*What to work on:*
Could you give again exactly, and only, the lines from the one holding "Joe Biden asegura" through the end of the data, both ends included, with pictures left out?

*Provided records:*
********

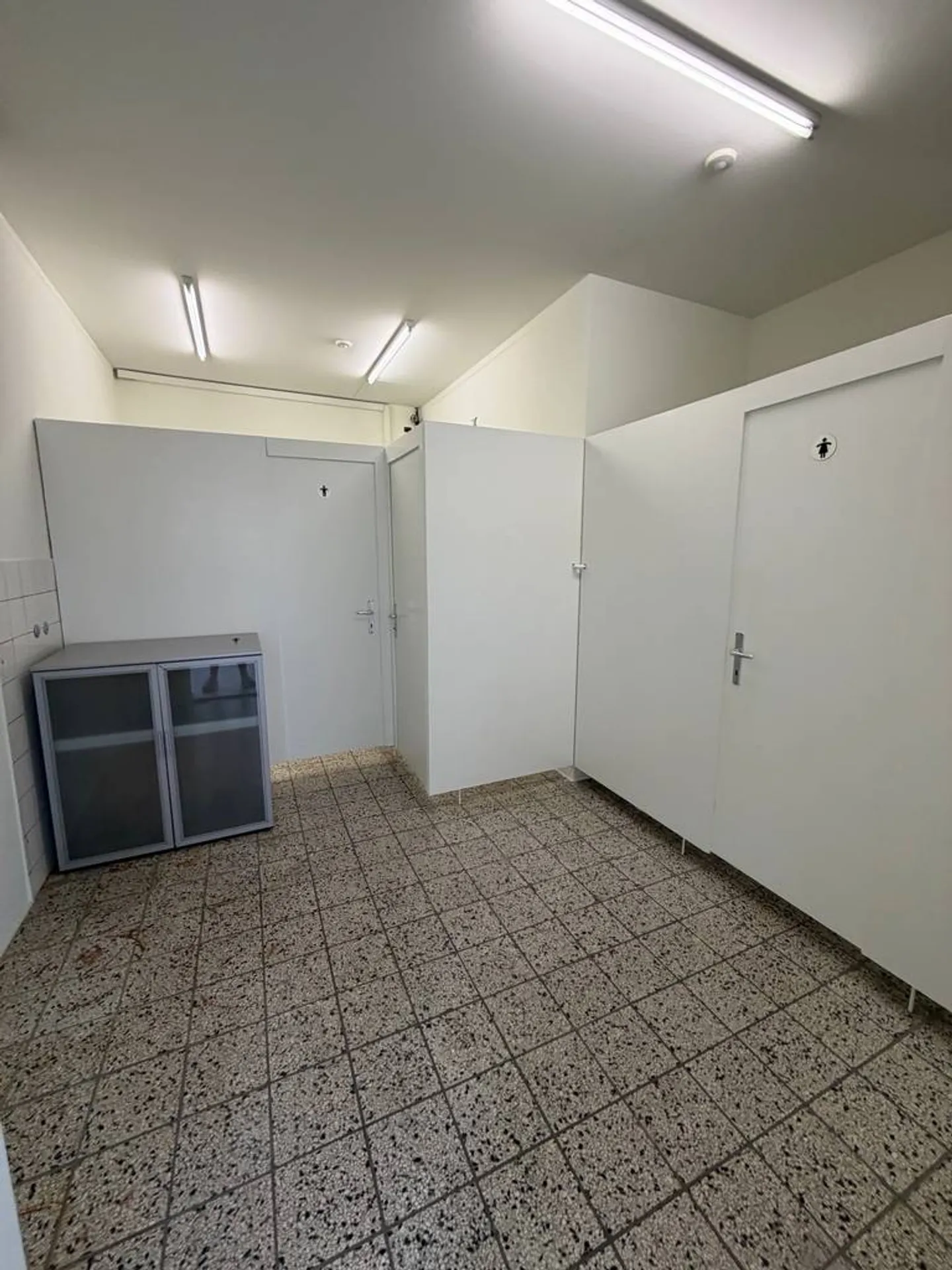 Espace commercial à louer au 1er étage ! - Photo 4 sur 5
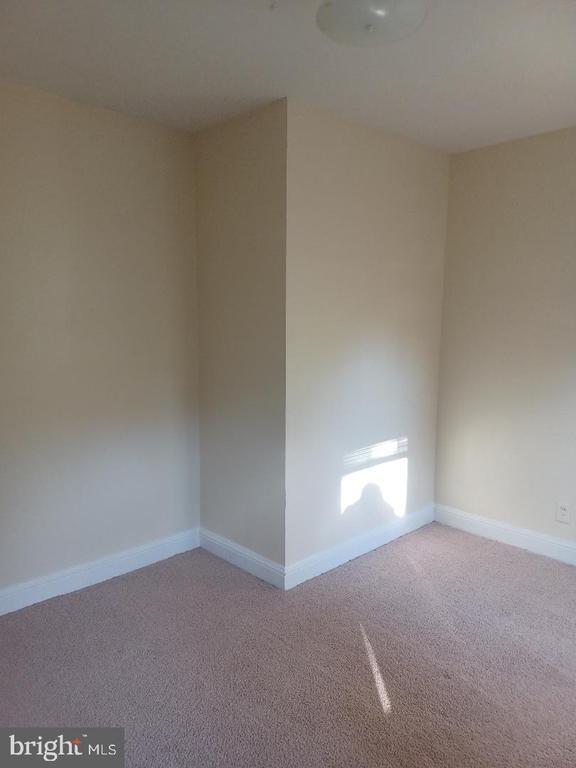 Building Photo - 515 Carter St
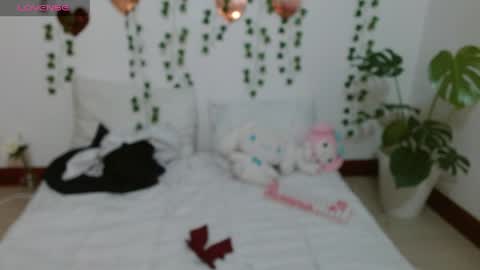 hellokitty_valery1 online show from 04/04/26, 01:15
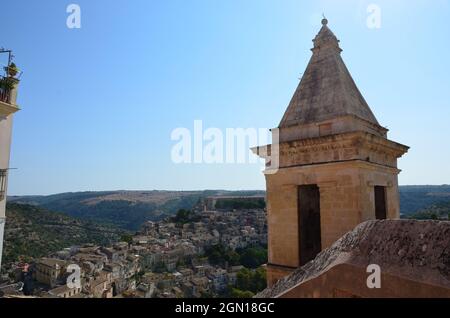 Einige Fotos der schönen Stadt Ragusa Ibla, in Sizilien, während einer sonnigen Sommerreise gemacht. Stockfoto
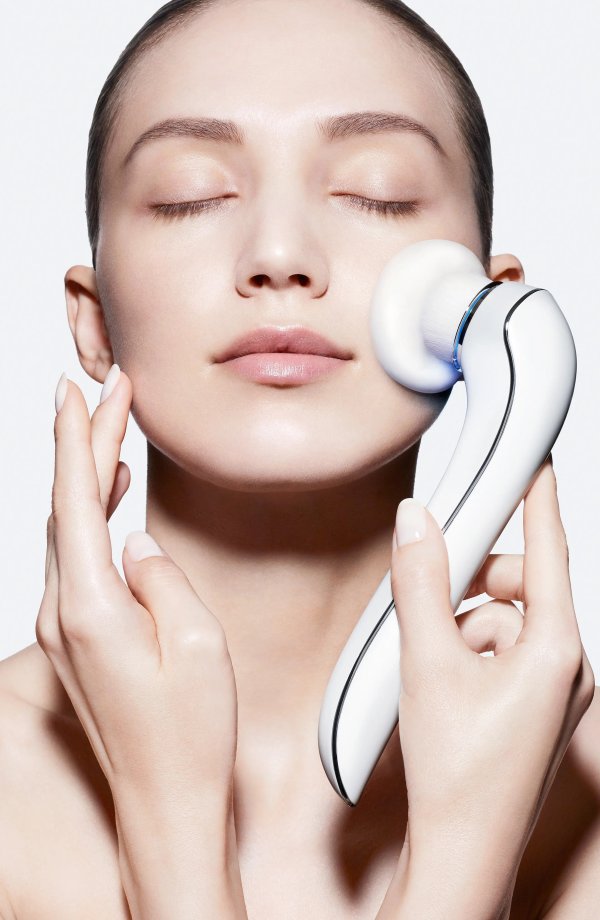 CLEAR Facial Cleansing Brush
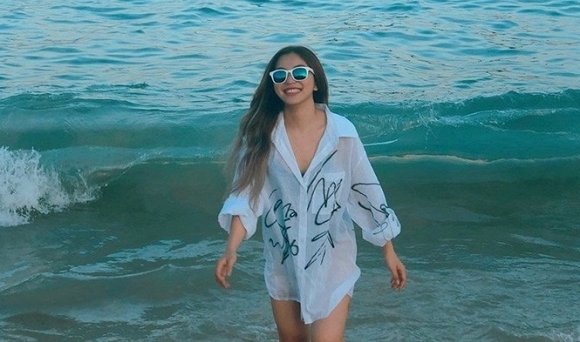 Diện bikini một mảnh đi biển, bạn gái Quang Hải gây tranh cãi vì khoảnh khắc hớ hênh vòng 3 khi chiếc áo choàng mỏng bất ngờ phản chủ-2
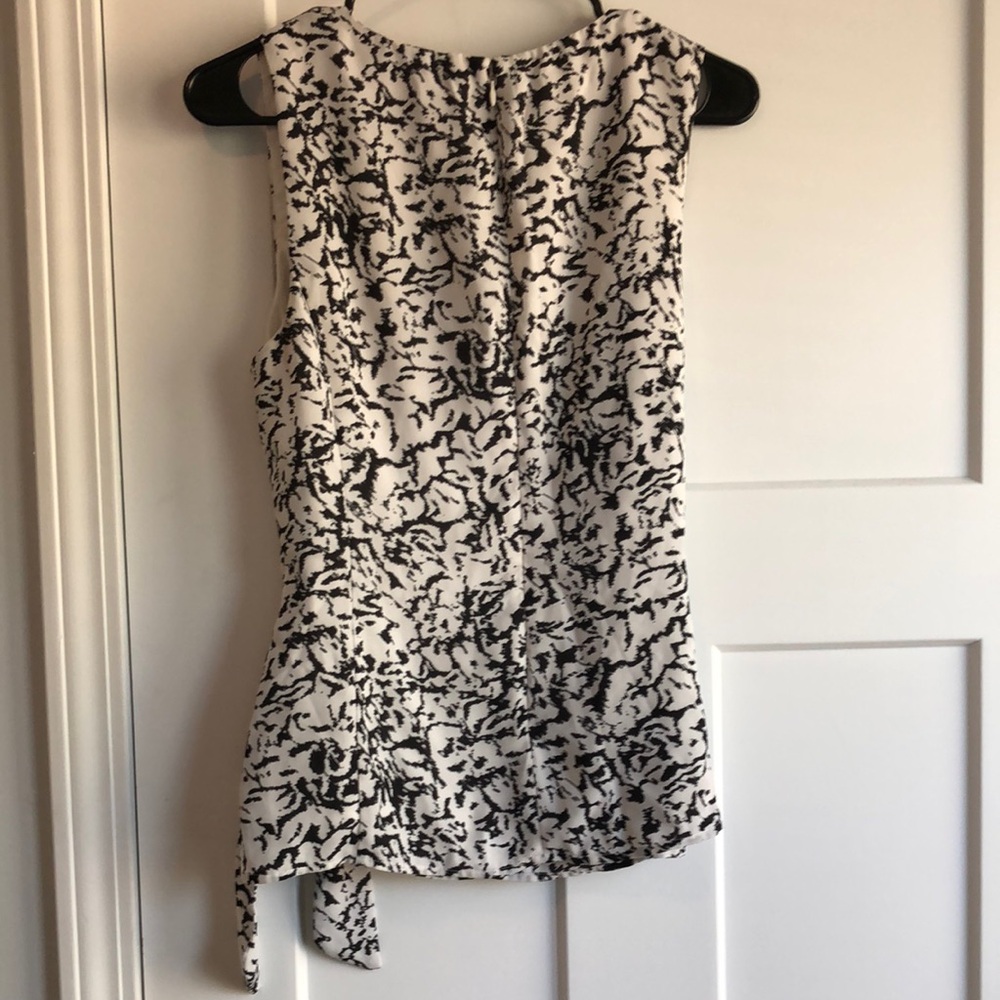 Banana Republic Black and White Sleeveless Top Size 8 - Picture 5 of 6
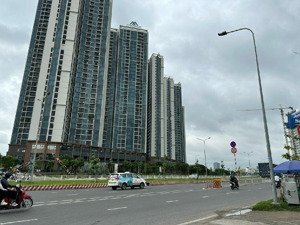 bán nhà mặt tiền đường nguyễn văn linh ngang khủng 8m . chỉ 15 tỉ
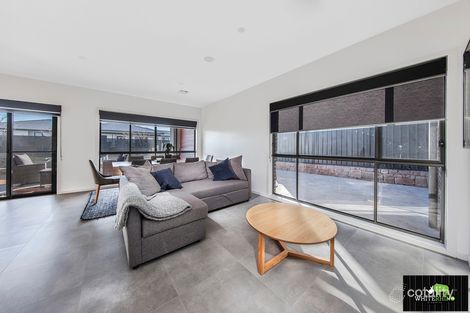 Property photo of 25 Lindbeck Corner Googong NSW 2620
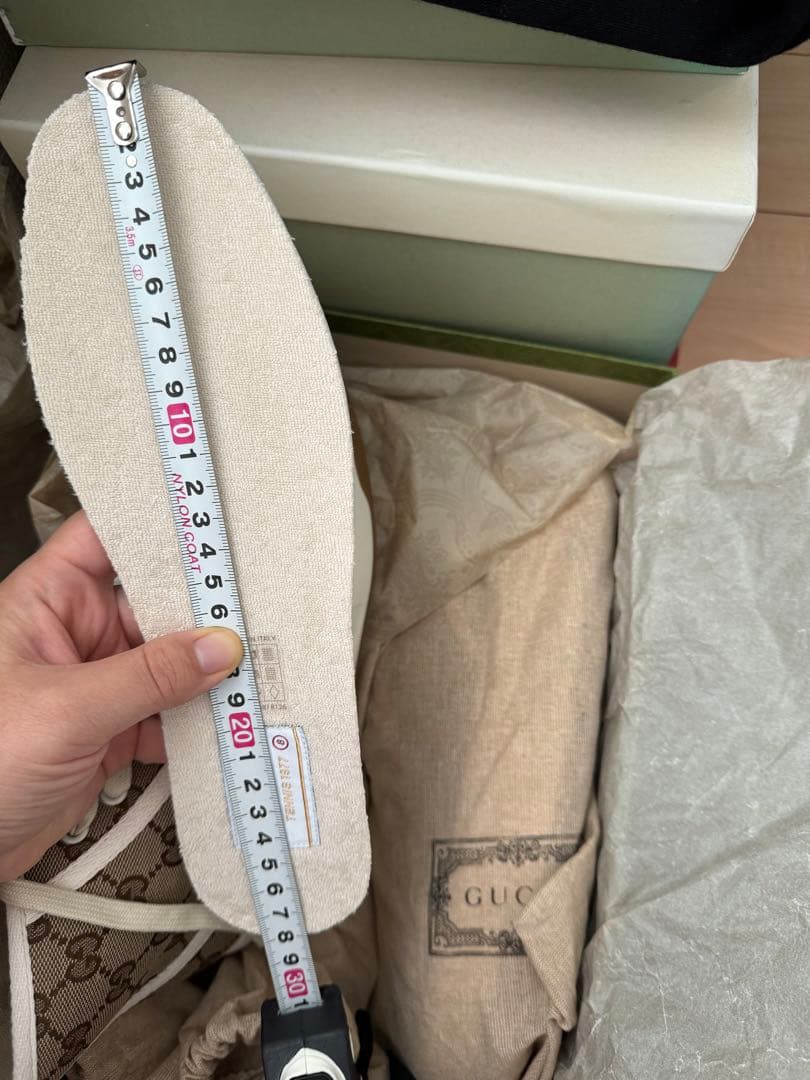 GUCCI ロゴパターン スニーカーメンズ8サイズ新品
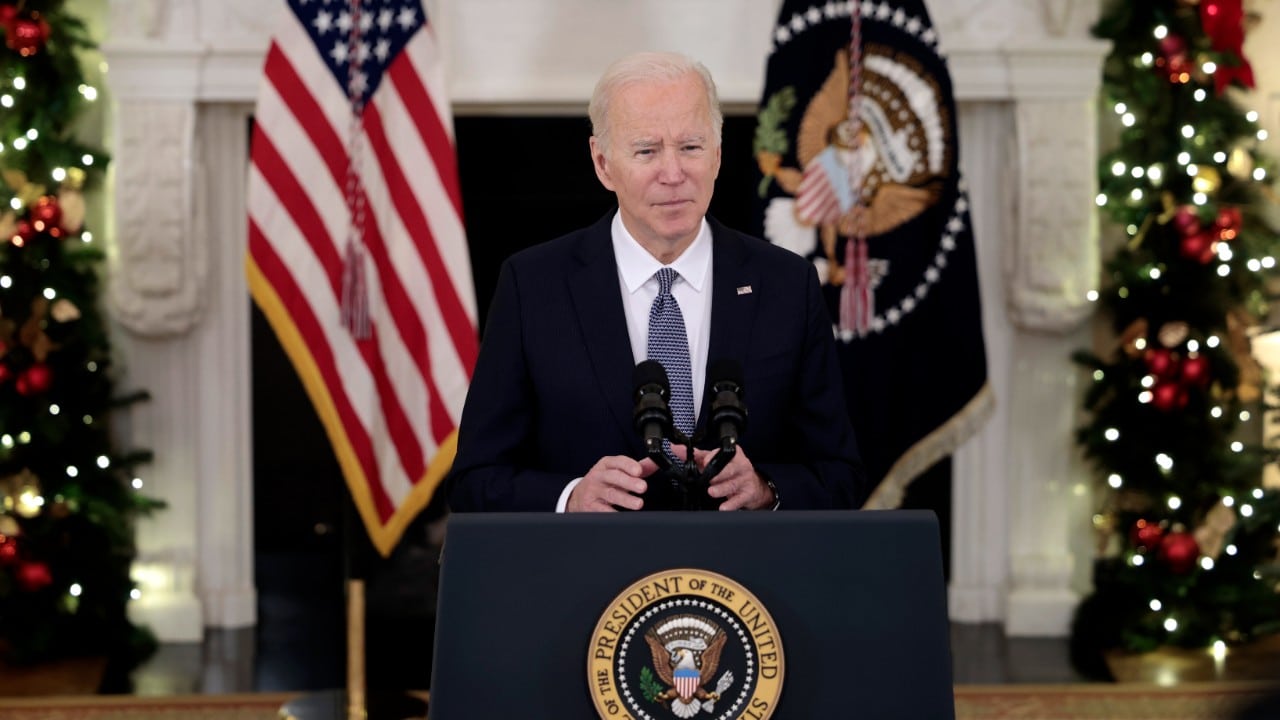 Joe Biden asegura solo tener un resfriado tras dar discurso con voz ronca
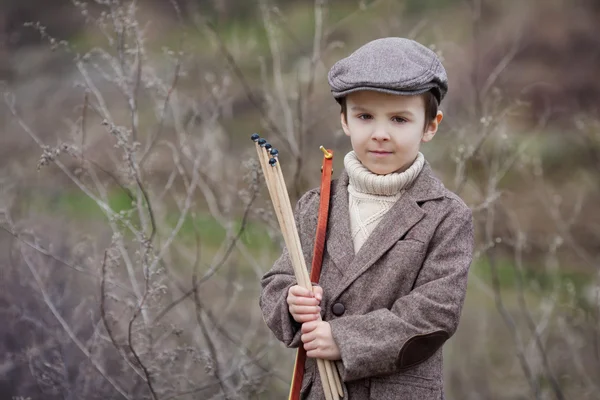 Adorable niño preescolar, disparar con arco y flecha en Targe — Foto de Stock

********

*Expected output:*
 Joe Biden asegura solo tener un resfriado tras dar discurso con voz ronca
 Adorable niño preescolar, disparar con arco y flecha en Targe — Foto de Stock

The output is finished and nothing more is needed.